Case Presentation: A 57-year-old male with HIV, heart failure with reduced ejection fraction, and hypothyroidism initially presented for dyspnea on exertion, found on EKG to have electrical alternans. Telemetry showed intermittent type2 second degree AV block. Transthoracic echocardiogram was notable for large pericardial effusion, ejection fraction 35%, grade 1 diastolic dysfunction, early diastolic right ventricular collapse, and mitral/ thoracic valve inflow respiratory variation suggestive of echocardiographic tamponade. TSH 66 and FT4 0.11 were suggestive of severe hypothyroidism, thought potentially causing conduction abnormalities and pericardial effusion. Patient subsequently underwent pericardiocentesis of 1.2 L serous fluid. The pericardial fluid was notable for 29,000 cells (neutrophils 16%, lymphocytes 3%, monocytes 13%), glucose < 2, LDH >5000, protein 5.6 meeting exudative effusion criteria. Concurrent left heart catheterization did not show obstructive coronary artery disease. Given exudative effusion with atypical cytology, further workup was started. Hematology and infectious disease teams were consulted. Most notable finding involved pathology results positive for HHV8+ and CD30+, concerning for malignancy. Patient was subsequently diagnosed with primary effusion lymphoma (PEL). He was initiated on C1 CEOP (cyclophosphamide, etoposide, vincristine, prednisone) chemotherapy during same hospital course for prompt management.

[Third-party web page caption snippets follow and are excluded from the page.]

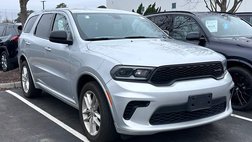 2024 Dodge Durango GT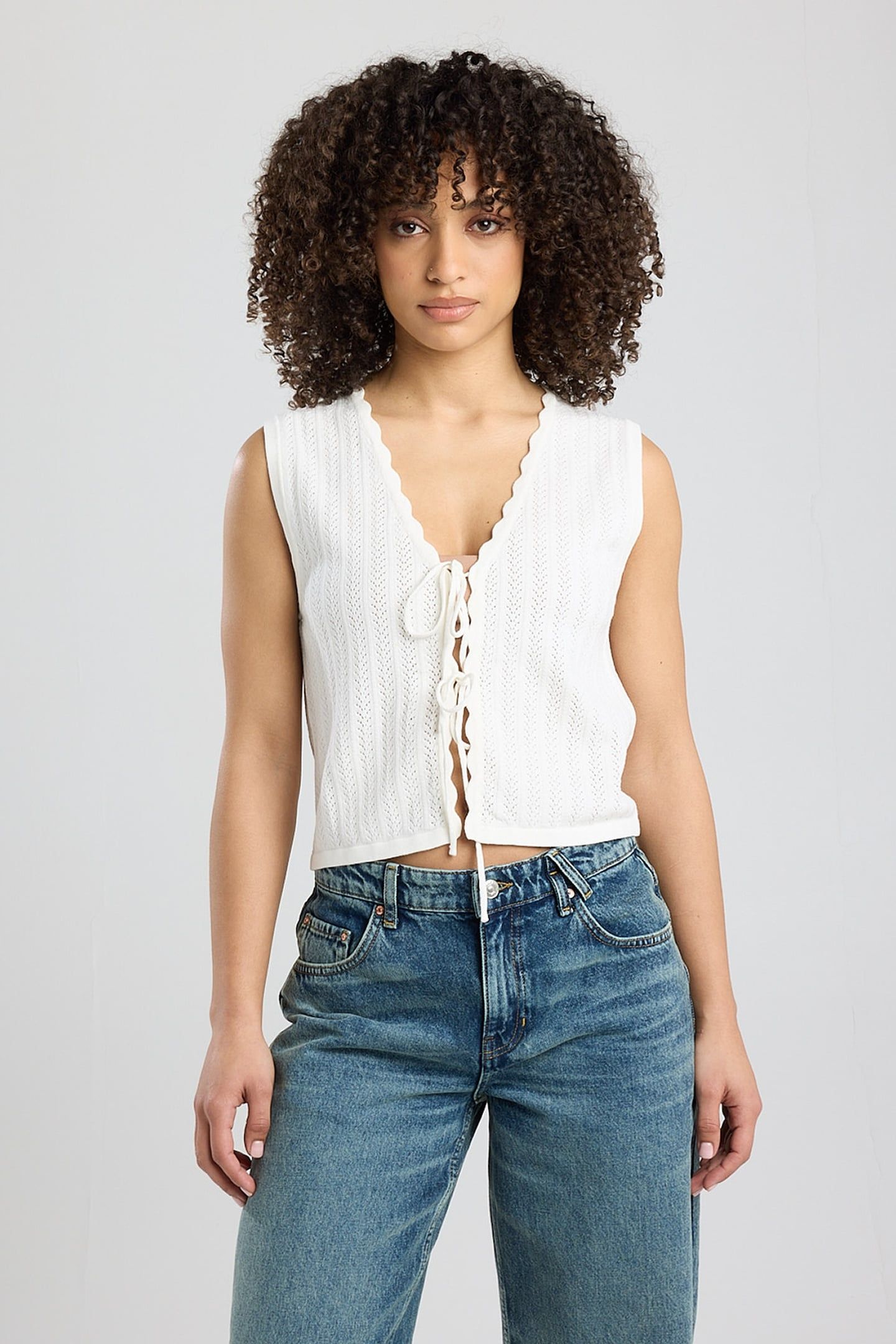 GWENY OFF WHITE 1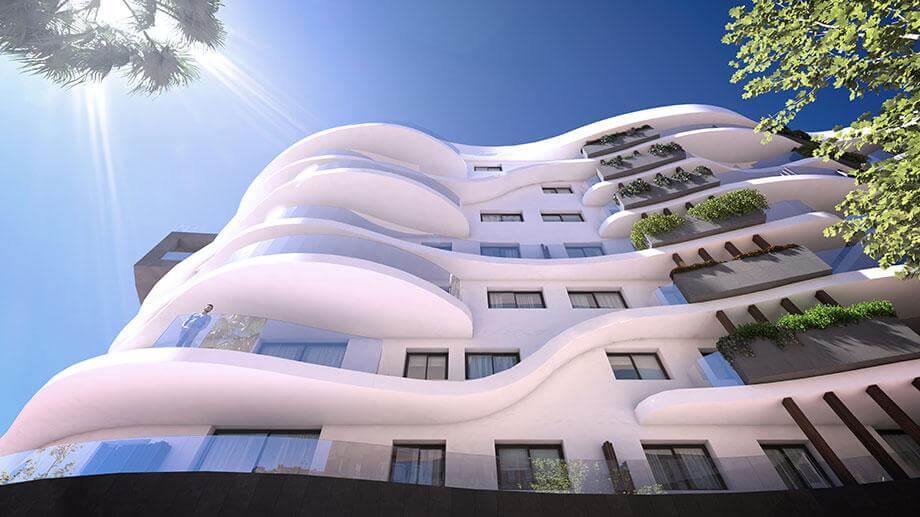 Residencial Infinity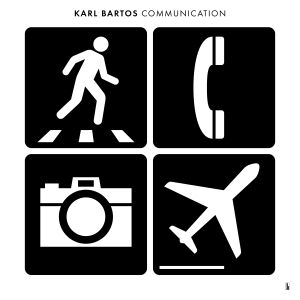 Karl Bartos - Communication (Reissue) [vinyl]
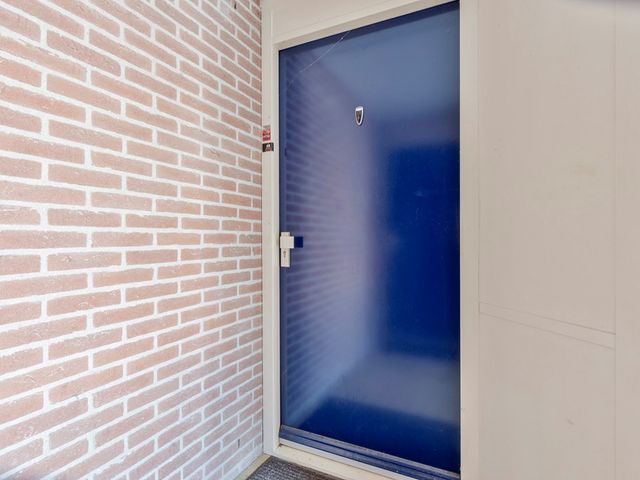 Baandervesting 115, Edam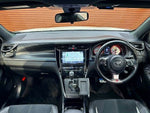 HARRIER 2WD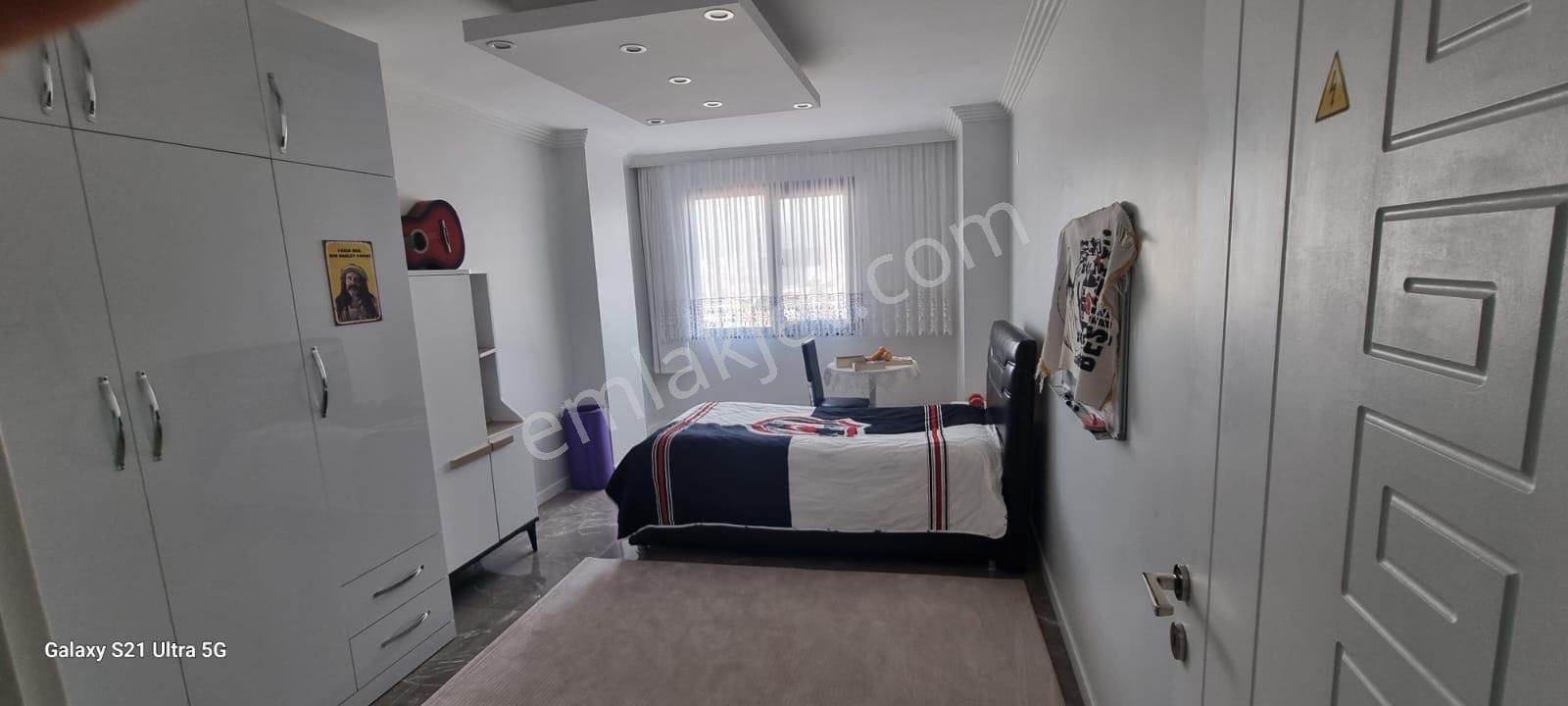 Menemende En Güzel Konumda 185 M2 Ultra Lüks Daire - Görsel 5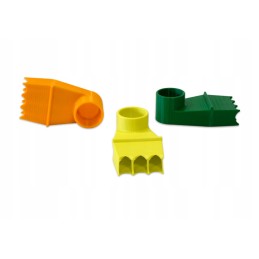 Girdykla, šėrykla iš buteliuko bitėms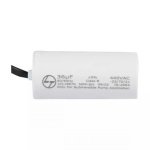MFD Capacitor for 1ph application -MFD Capacitor with wires, Run Capacitor, 40 F, 440V L T LTCCMRW040B2 ltccmrw036b2 agri 1ph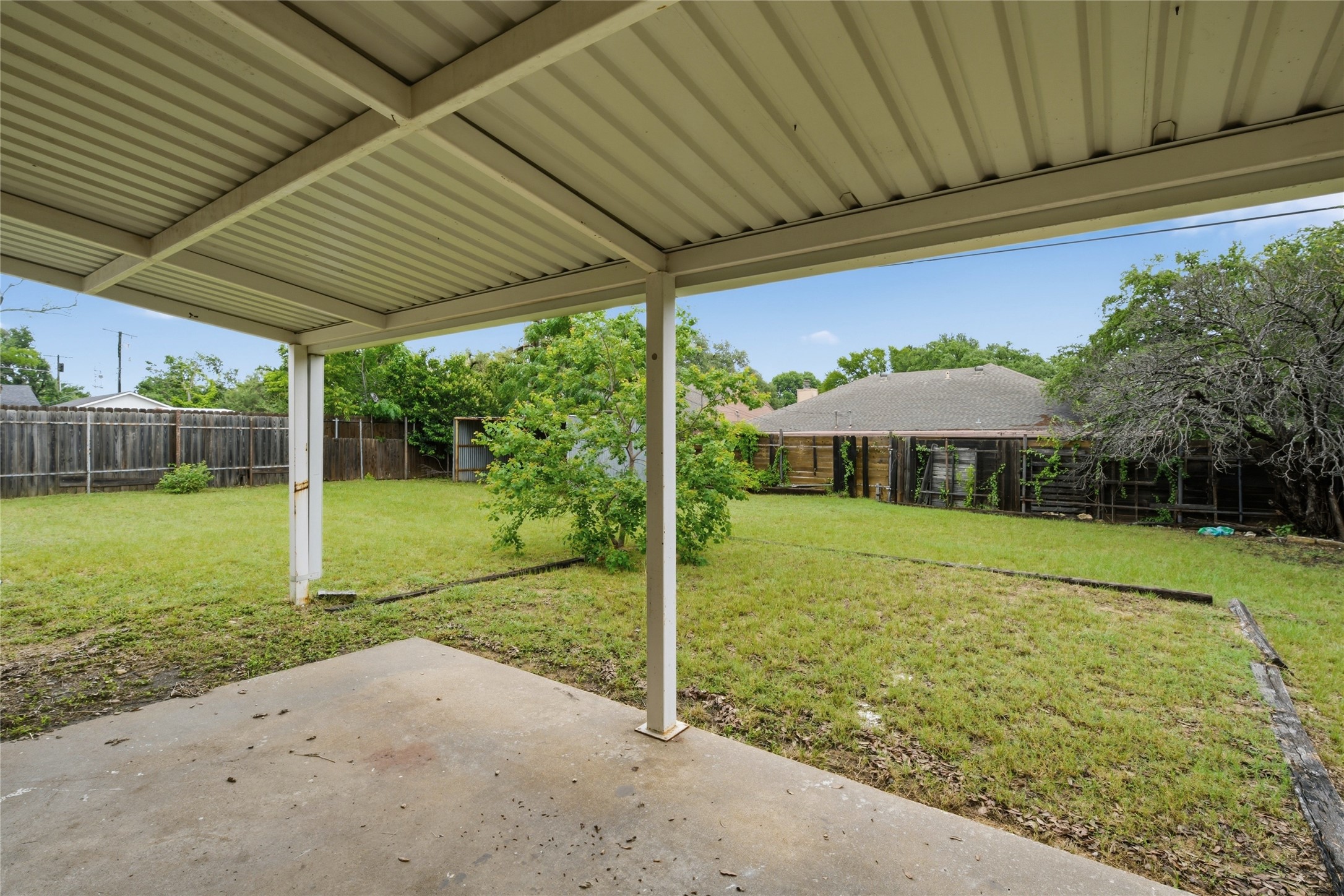 901 Rambler Drive Waco TX 76710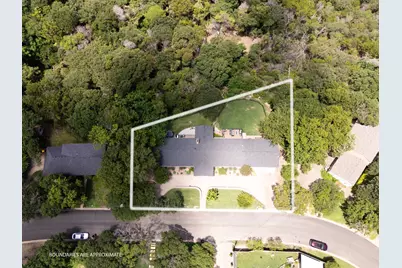 916 Wooded Crest Drive, Woodway, TX 76712 - Photo 39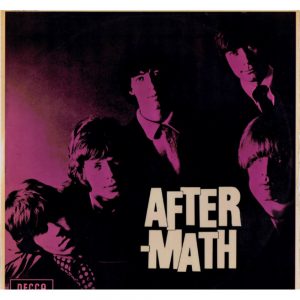 Rolling Stones - Aftermath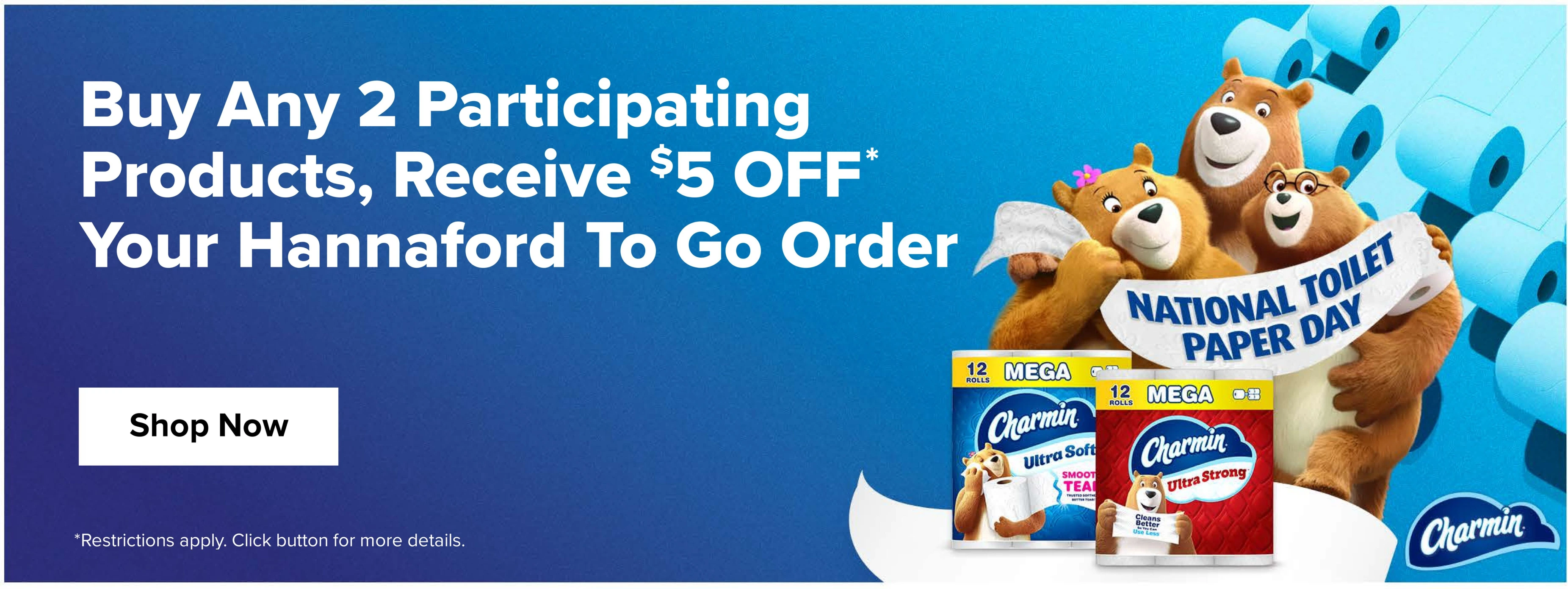 Hannaford Hannaford Week 35 Flyer - Page 13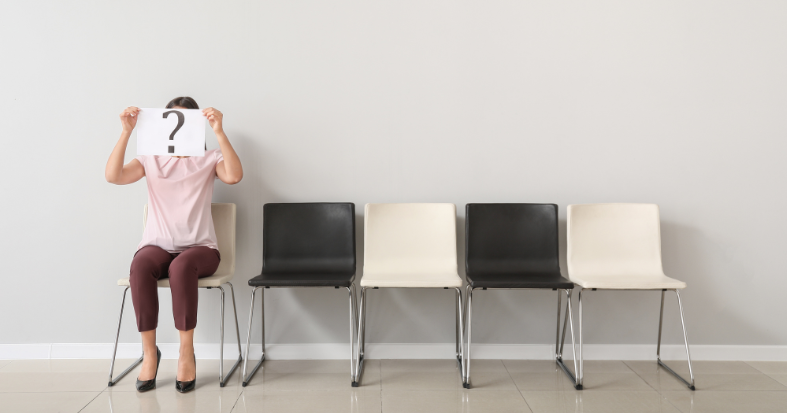 how to stand out from others candidates?
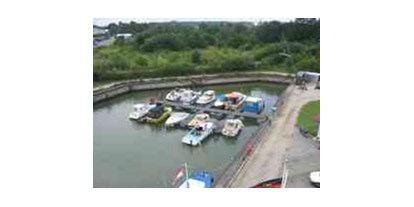 Yachthafen - am Fluss/Kanal - Franken - Bildquelle: http://www.sbc-herzogenaurach.de - Sportbootclub Herzogenaurach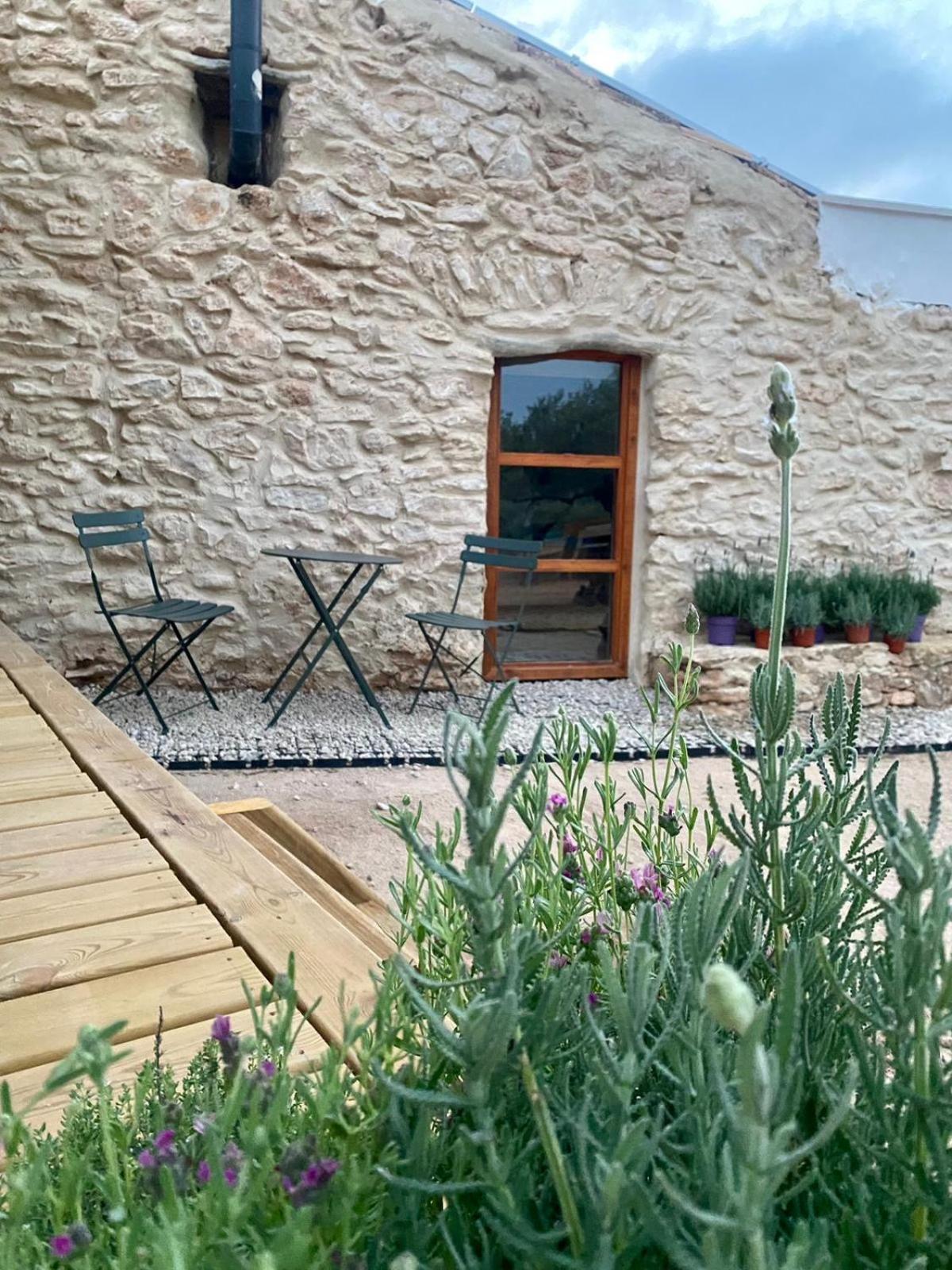 Finca El Olivar
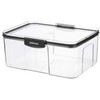 Sistema - Tritan Ultra Square 2.6L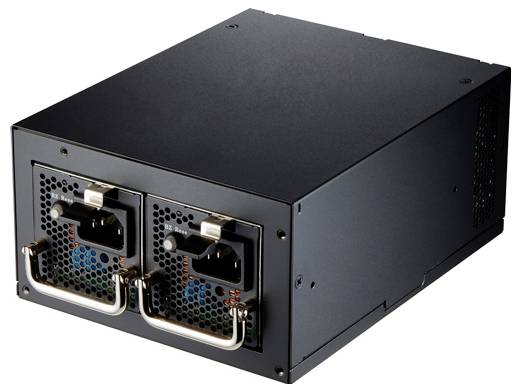 FSP FORTRON Server Netzteil Einzelmodul Server Netzteil 930W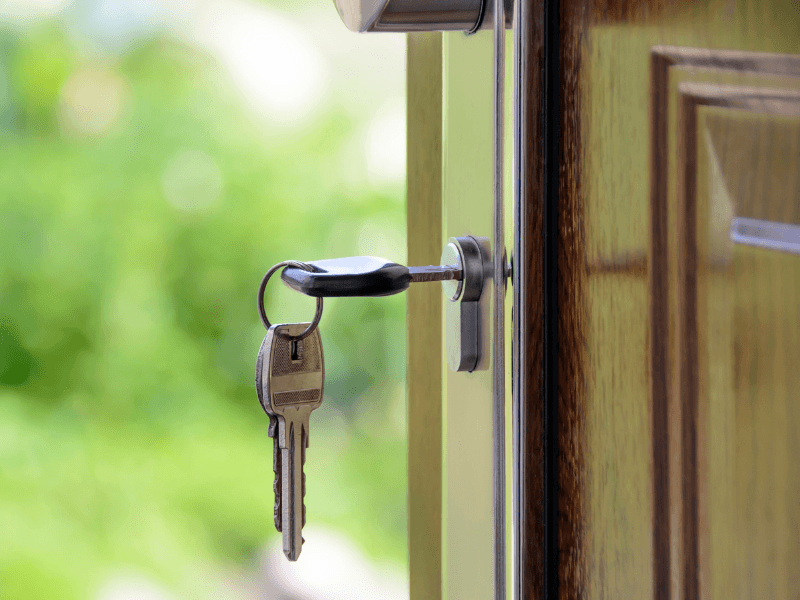 Home Security in South Wales: Simple Upgrades That Make a Real Difference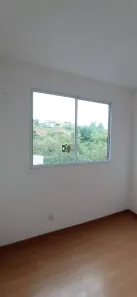 Apartamento com 2 Quartos à venda, 50m² no Spina Ville II, Juiz de Fora
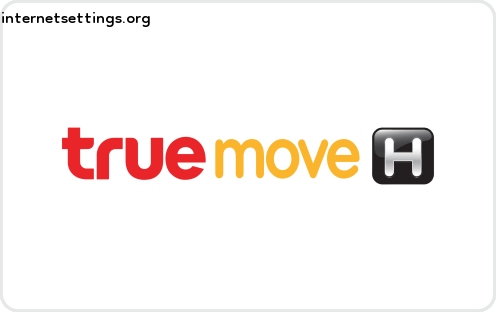 TrueMove H (True Move - H)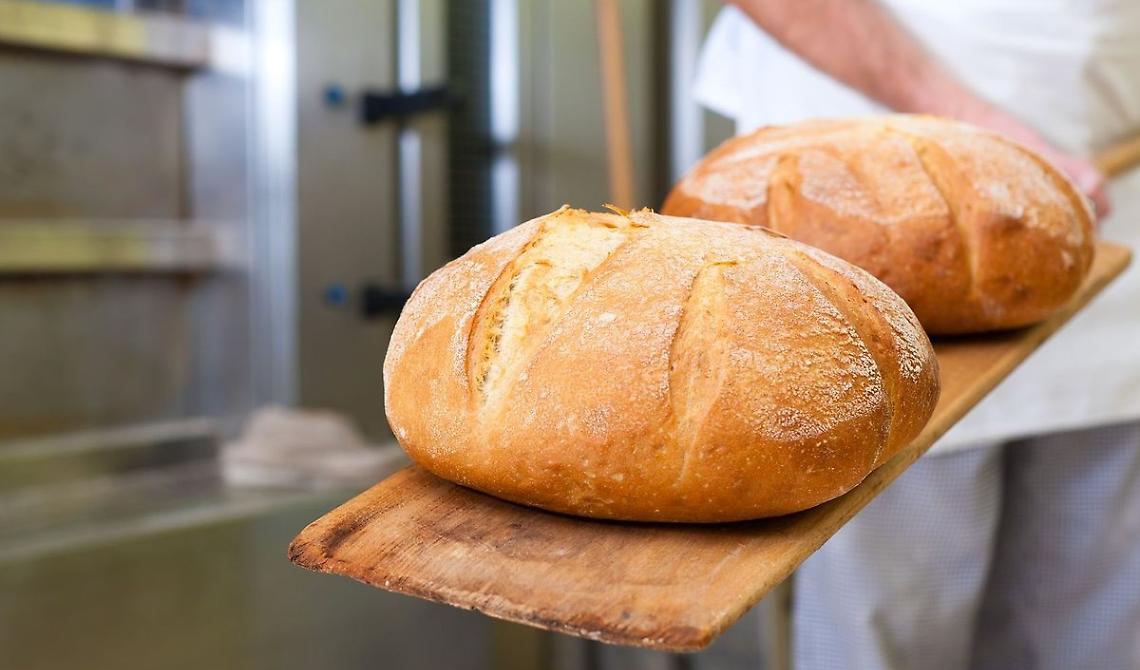 Assipan - Confcommercio: riunione a Potenza per la costituzione dell'Associazione dei Panificatori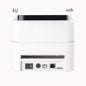 Thermal Barcode Printer for Clothing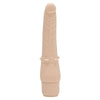 GET REAL - CLASSIC SMOOTH VIBRADOR NATURAL - Sensuana.es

Discussion: PEL is a rare HIV-associated non-Hodgkin’s lymphoma, accounting for approximately 4% of HIV-associated NHL and < 1% of non-HIV-related lymphomas. It has a male predominance of 6:1. HHV8 is implicated in the oncogenesis of PEL and although the exact mechanisms are not fully understood, it has been theorized to promote oncogenesis via viral transcripts during the latent phase of HHV8 infection. PEL has a unique clinical presentation in having a predilection for arising in body cavities including pleural spaces, pericardium, and peritoneum. Factors associated with poor outcome with this diagnosis in patients with HIV include poor performance status and the absence of HAART prior to PEL diagnosis. Despite this patient being compliant with his HAART therapy, the risk of having PEL remains. Treatment is usually with CHOP based therapy but overall prognosis of PEL is poor, with overall 1 year survival approximately 30%.
Conclusions: Isolated cardiac lymphomas should be considered for HIV patients presenting with pericardial effusions in order to properly determine the appropriate therapy. In this case hypothyroidism was a red herring, ultimately pericardial fluid analysis offered the more definitive diagnosis.